Decision Boundary: Players are classified based on whether their attacking_score > defending_score.

Baseline Model: A simple majority-class classifier (always predicting the most frequent class).
The dataset has 55% defenders and 45% attackers, baseline accuracy would be 55%.

Naive Bayes Performance (95% Accuracy):
Significantly better than the baseline.
High precision and recall indicate strong generalization to unseen data.

Strengths
High Accuracy (95%) – The model performs exceptionally well on the test set.
Simple & Fast – Naive Bayes is computationally efficient.

Weaknesses
Assumes Feature Independence – Real-world player attributes may have correlations (e.g., sprint_speed and agility).
No Hyperparameter Tuning – Using default parameters may not be optimal.


### Deployment Plan
The model will be turned into a simple web tool where coaches and scouts can enter a player's stats (like speed, passing, and tackling) to instantly see if they're better as an attacker or defender.

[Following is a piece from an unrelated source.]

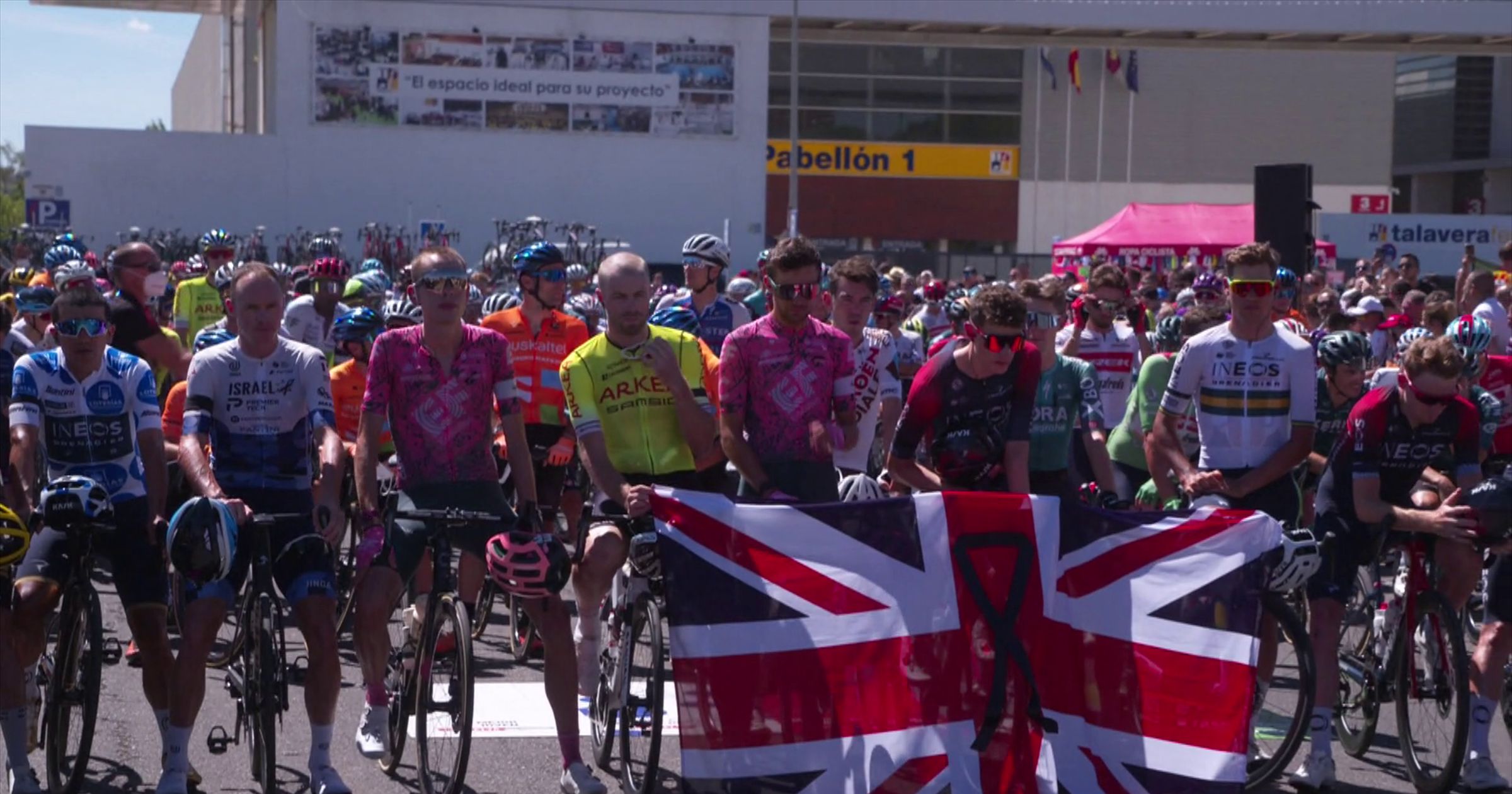 British and Ineos Grenadiers riders lead minute’s silence for the Queen ...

It will work on phones and computers without needing special software.

### Keeping the Model Working Well
We'll regularly check if the model's predictions still match real-world performance. If FIFA updates their rating system or we notice more mistakes happening, we'll update the model with new data. Scouts will be able to report wrong predictions to help improve accuracy over time.

### Next Improvements
Next steps include:

- Adding more positions like midfielders
- Using actual game stats (not just FIFA ratings) to make predictions more accurate
- Showing clear explanations for why a player was classified a certain way

### Potential Issues
The main challenges will be keeping up with changes in how players are rated and handling players who don't fit neatly into attacker or defender categories. We'll solve this by updating the model every time new FIFA data comes out and eventually adding more flexible position categories.

The model is ready to use now, but will keep getting better as we gather more feedback and data. The goal is to create a tool that helps scouts quickly identify players' best positions while still allowing for human judgment.

## Conclusion

This football analytics project successfully created a model that classifies players as attackers or defenders with 95% accuracy using FIFA game data. By analyzing key attributes like shooting, tackling and passing, it helps identify players' natural positions. While currently limited to two positions and game-based stats, the model provides clubs with a practical scouting tool. Future improvements will add midfield positions and incorporate real match data. The project demonstrates how data analysis can effectively support player development decisions in modern football.